Referendum trivelle: partiti e comitati violano la regola del silenzio elettorale e nessuno interviene
ROMA – Il silenzio elettorale è quella particolare disciplina che, nei giorni di elezioni, impone divieti e limiti alla propaganda ed è prevista dall’articolo 9 della legge 4 aprile 1956 n. 212 così come modificato dalla l. 130/1975.
DIVIETO – Per effetto di questo articolo nel giorno precedente ed in quelli stabiliti per le elezioni sono vietati i comizi, le riunioni di propaganda elettorale diretta o indiretta, in luoghi pubblici o aperti al pubblico, la nuova affissione di stampati, giornali murali o altri e manifesti di propaganda (comma 1) e inoltre nei giorni destinati alla votazione è vietata ogni forma di propaganda elettorale entro il raggio di 200 metri dall’ingresso delle sezioni elettorali (comma 2). È quindi consentita la nuova affissione di giornali quotidiani o periodici nelle bacheche previste all’articolo 1 della stessa legge (comma 3) e la distribuzione di volantini in mano o dentro le buchette della posta, telefonate dirette e messaggistica di vario genere. La ratio di questa regola è che il cittadino possa riflettere serenamente sul voto che sta per esprimere.
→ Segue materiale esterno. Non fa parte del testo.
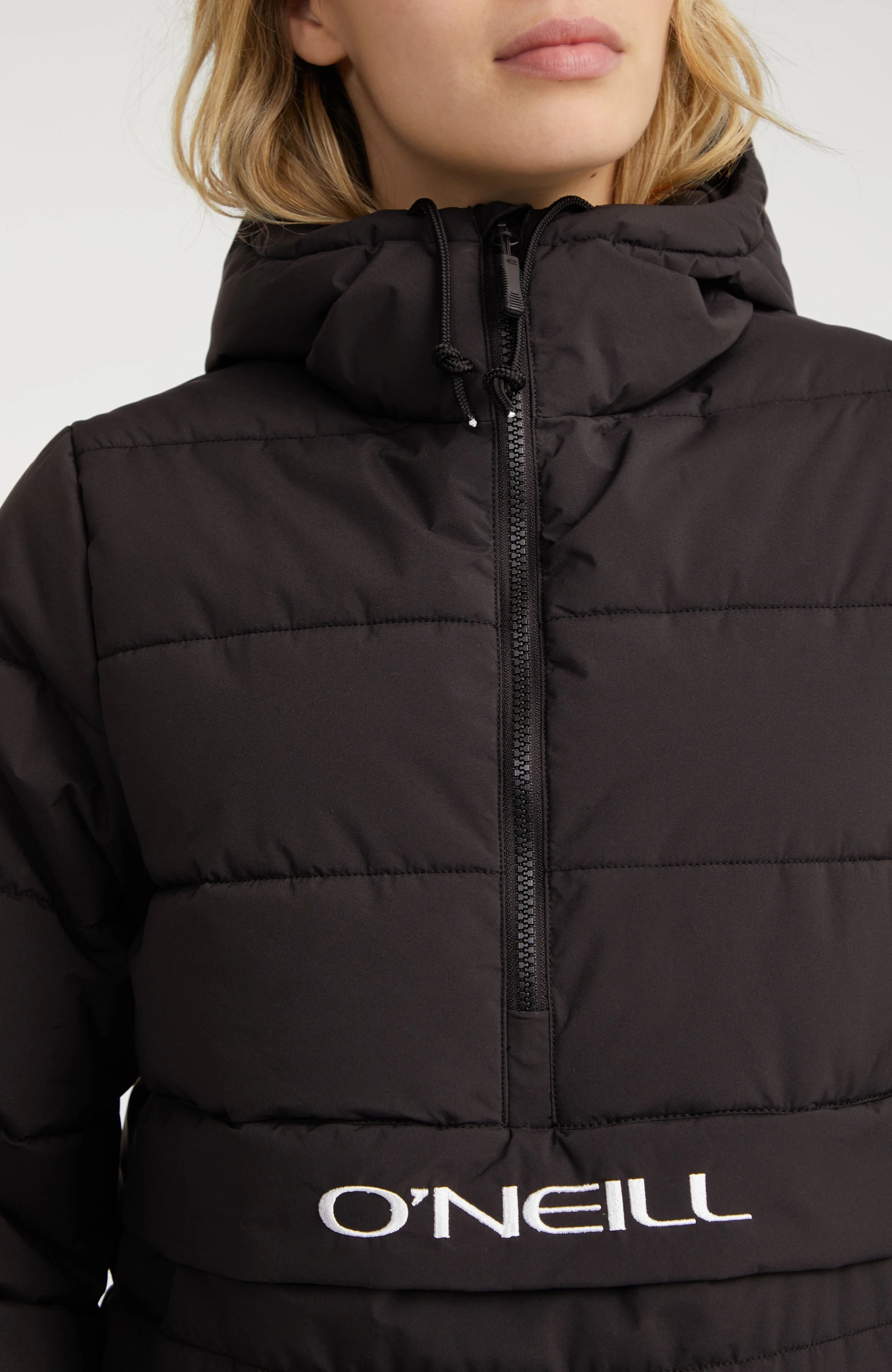 MONO O'RIGINALS ANORAK - Image 4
DICHIARAZIONI – Orbene nella giornata di oggi 17 aprile, unico giorno di voto per il referendum sulle trivelle, un’Ansa delle 17,26 riporta una dichiarazione del vicesegretario del Pd, Lorenzo Guerini, secondo il quale i dati che giungono dalla Rete del Pd che segue l’andamento dell’affluenza ai seggi «sono in linea, anzi direi addirittura meglio, con le nostre aspettative». E senza sbilanciarsi sulle cifre, si dice ottimista sull’esito del Referendum.
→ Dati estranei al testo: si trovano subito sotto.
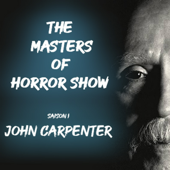 The Masters Of Horror Show - T31-Prod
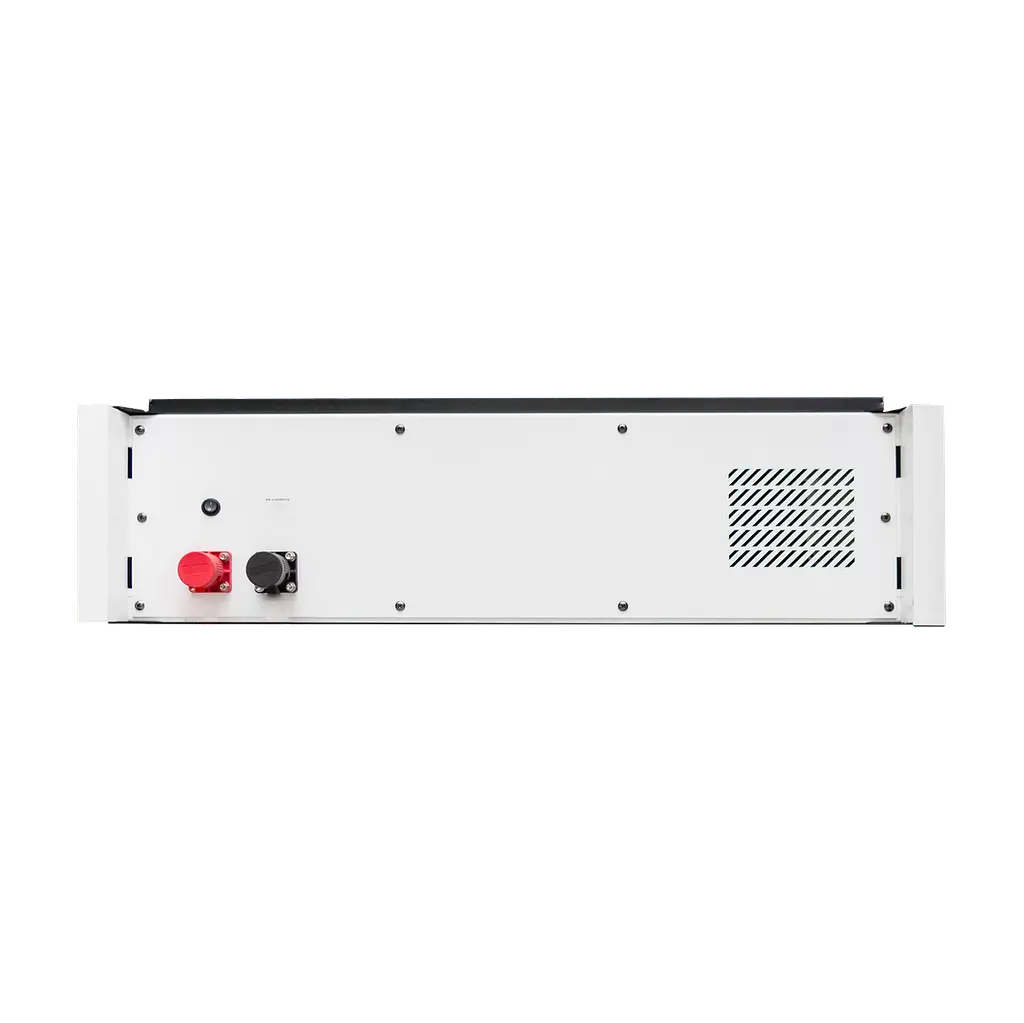 Дополнительный аккумулятор для LP AutonoXiaomic Ultra F 5000W (АКБ 12000Wh) Solar белый с черным - фото 3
REAZIONE – Non si è fatta attendere la giusta reazione del campo avverso, anche se militante dello stesso partito. Piero Lacorazza (Pd) – presidente del Consiglio regionale della Basilicata, capofila delle Regioni referendarie – afferma invece che «i dati raccolti dal Comitato delle Regioni dicono che alle ore 17 c’è un’importante affluenza ai seggi elettorali che porterà a un importante segnale politico». Infatti – sottolinea Lacorazza – l’unico termine di paragone è quello del referendum del 1999 che si svolse in un’unica giornata (alle ore 11 aveva votato il 6,7% e invece questa volta alle 12 l’8,3% e, sempre nel 1999, alle ore 17 si era al 26%). Attendiamo – ha aggiunto Lacorazza – il dato delle 19. Ricordiamo che il referendum del 1999 arrivò al 49,8%. Quindi è del tutto evidente che – conclude Lacorazza – saremo in presenza di un importante risultato costruito dal basso, dai territori e dai cittadini.
Come si vede, ad urne aperte, ciascuno porta acqua al suo mulino con dichiarazioni suscettibili proprio di influenzare gli elettori, circostanza questa vietata dalla legge. Ma tant’è le leggi ci sono ma nessuno le fa rispettare. Ministro alfano e Presidente della repubblica, e forse anche la magistratura, assistono impassibili.
Sempre Guerini ci fa sapere che comunque per una valutazione complessiva del risultato parlerà a urne chiuse il segretario, Matteo Renzi, che correttamente, almeno lui, aspetterà i dati ufficiali del Viminale.